Which comes first, and which is harder?
Melody or lyrics?
Yes. Both. One, not other. Other, not one.
I sometimes find an interesting sequence of chords, or a riff, or a straight out instrumental melody, while mucking about on an instrument (usually guitar, sometimes not). It might turn into a whole song structure of possible verses, choruses, bridges, codas, etc. I may then decide to write some lyrics, or it may go on the backburner to be married up later with the next possibility:
Sometimes I come up with lyrics, usually some sort of story-based song, without ever touching an instrument until they are "done". If I don't have music on a backburner that works, I may then come up with some basic chords or a melody. It may get fully developed, or may be still a bit rough around the edges.

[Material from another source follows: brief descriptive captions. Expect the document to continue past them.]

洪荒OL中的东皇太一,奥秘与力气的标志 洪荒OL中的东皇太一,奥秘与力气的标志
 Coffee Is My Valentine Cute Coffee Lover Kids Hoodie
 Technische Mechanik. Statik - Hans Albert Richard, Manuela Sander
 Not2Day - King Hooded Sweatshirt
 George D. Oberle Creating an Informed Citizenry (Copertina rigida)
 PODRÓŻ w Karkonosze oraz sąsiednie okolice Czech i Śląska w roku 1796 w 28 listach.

Sometimes, while writing lyrics, I hear a melody or chord structure right away, and they both develop concurrently (well, stops and starts back and forth). And sometimes vice versa.
In all of those above cases, I will sometimes take it to the band for some further ideas or tweaks, or I might just keep it completely as I wrote it if I think it is solid enough. But usually the band has some great ideas.
Sometimes I have an initial riff, take it to the band, and we develop more music, or an initial lyric, and off we go as a group songwriting session. Those are usually quite fun and satisfying. Sometimes someone else comes up with the riff or chords, and that triggers a writing session.
Sometimes someone has some lyrical ideas scratched together, and asks me, or the band, to develop chords, which leads to a melody, which leads to a group songwriting effort.
Anecdote to illustrate:
Recently the band was working to outline music for a project we are co-developing with another couple of musicians from another band - a musical play (we are all over the place). We realized one "scene" needed a song. So while I was transcribing some notes, and some others were discussing some other points of concern, one of the band members (from my band) sat there quietly and wrote the lyrics for a song in about three minutes.
After presenting the lyrics (which were spot on for the scene), we had him sing through how he might think the melody goes. Two of us from my band got guitars and played along, mixing chords and melody lines to accompany and mimic his singing, and we developed the chords and melody. We ran through it a few times, suggesting tweaks to his melody lines and the chords ("go higher at the end of that verse", "hold that note longer, then go low in the next line", "that needs something like an A, but not a regular A, maybe A7?" etc). We then did a quick recording in the home studio. We had that basic track down about 45 min after he started writing.
Apparently, not everyone works like that - the members from the other band just sat in awe as the frenzy of a Hard To Port songwriting session swirled around them.
And we don't always work like that. But when we do, it is awesome!